If you haven’t read the introduction to this project, I recommend you take a look to get an idea of what I’m trying to do with AR. You can read it here.
With any project I prefer to learn the basic technological tools that I have at my disposal first. I chose ARCore because I recently completed a group project using Android Studio, and I chose Unity because I’ve been using Unity for a long time and it’s a comfortable and familiar environment. On top of this, both of these technologies have a ton of resources available online, which eases the learning process.
One of the biggest lessons I learned in the Android project was that time spent on learning is a crucial part of development time, so I really wanted to give some of the Unity+ARCore tutorials a go. My focus for week one was to understand the basics of how ARCore works so that I could use that for design considerations later on. I want to build a minimum viable product first so that any design decisions I make are well-informed and don’t take excessive time to implement.
Of course, I started with a basic idea of what I want my ARCore app to look like. I created a rough flow diagram to visualize it below.
Left: Admin use case. Right: Normal user.
The basic idea is this: admins will be able to place 3D models around the real world. Attached to the 3D models are audio recordings. Normal users will find the 3D models, ‘pick them up’ (eg. by pinch-zooming), and listen to the audio recording through the small ear speaker.
The fundamental concept behind this idea is to create a digital layer to the real world which users can listen to. By making the information in audio-format, and ensuring that users use the small speaker to listen to them like a phone call, the users’ eyes and thumbs will be left to interact with the garden itself (rather than the phone).
On day one I dedicated myself to solely following Google’s ARCore tutorials for Unity. Setup can be a bit tedious; you have to ensure that you have the correct versions of the Android SDK, Unity, the ARCore SDK, a phone that can support AR, and you have to enter some settings to link everything together.

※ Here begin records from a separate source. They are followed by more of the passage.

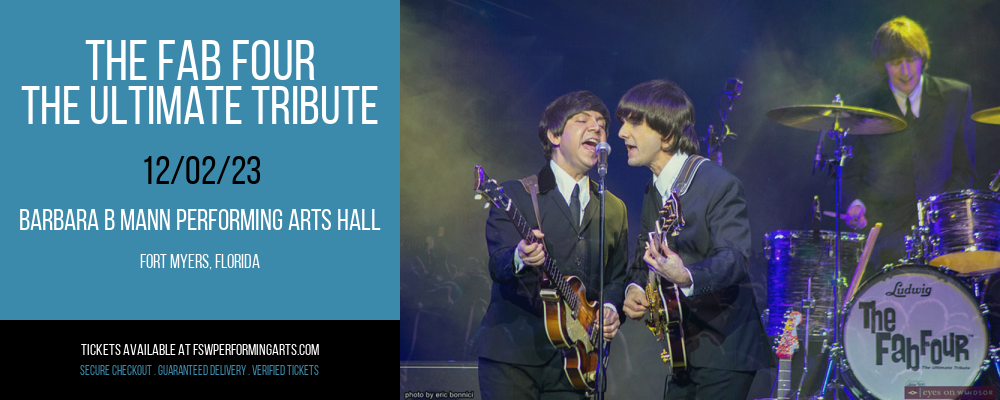 The Fab Four - The Ultimate Tribute at Barbara B Mann Performing Arts Hall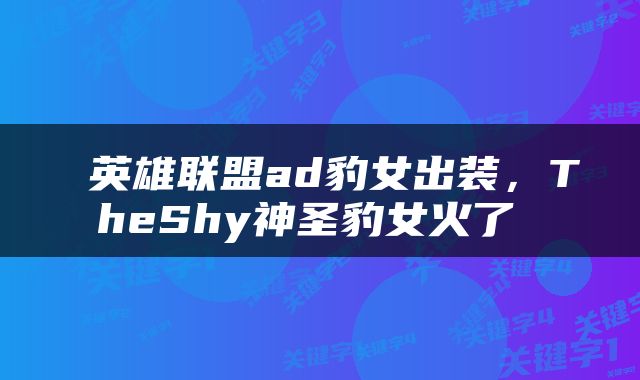  英雄联盟ad豹女出装，TheShy神圣豹女火了 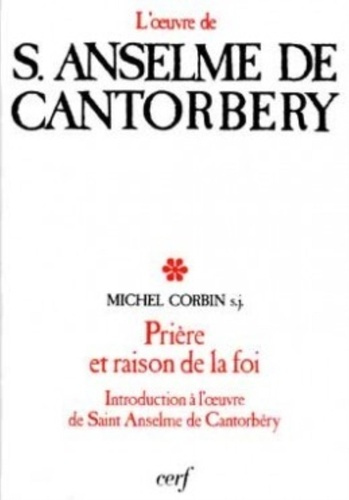 Emprunter Prière et raison de la foi : Introduction à l'oeuvre de S. Anselme de Cantorbéry livre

Once it’s setup, Google provides a few example scenes in Unity. The first is called HelloAR, and simply provides functionality for placing 3D models on planes in the world. Also included is a cloud anchor tutorial (which allows two users on different phones to see the same 3D models) and an object manipulation scene (which allows the user to scale, rotate, and translate the 3D objects).
After following these tutorials I felt I had a basic understanding of how ARCore keeps 3D models attached to real-world locations. The camera in the Unity scene gets its video feed from the device camera and moves around in the digital Unity world according to the device’s real-world movements. Google does some magic image analysis trickery to figure out where planes exist in the real-world, and I’m satisfied without knowing the details of that.
When creating an object, the app responds to a user’s tap by raycasting into the screen and then, conceptually, into the real world. If it hits a plane, then it’s a fine location to place a 3D model.
Whenever an object is placed in the world, an anchor is created. An anchor is a parent transform object which has logic to keep it ‘anchored’ to a real-world location. In actuality, the anchor is moving relative to the device movements: if the device moves to the right, then all the anchors move to the left. Anchors are created via poses; a pose seems to be conceptually similar to a transform, but instead of being in Unity world-space, it’s located in real-world-space.
Finally, the object is made a child of the anchor.
With this knowledge in my head, I was able to get a better idea of how ARcore works and how I would be able to think about creating the app.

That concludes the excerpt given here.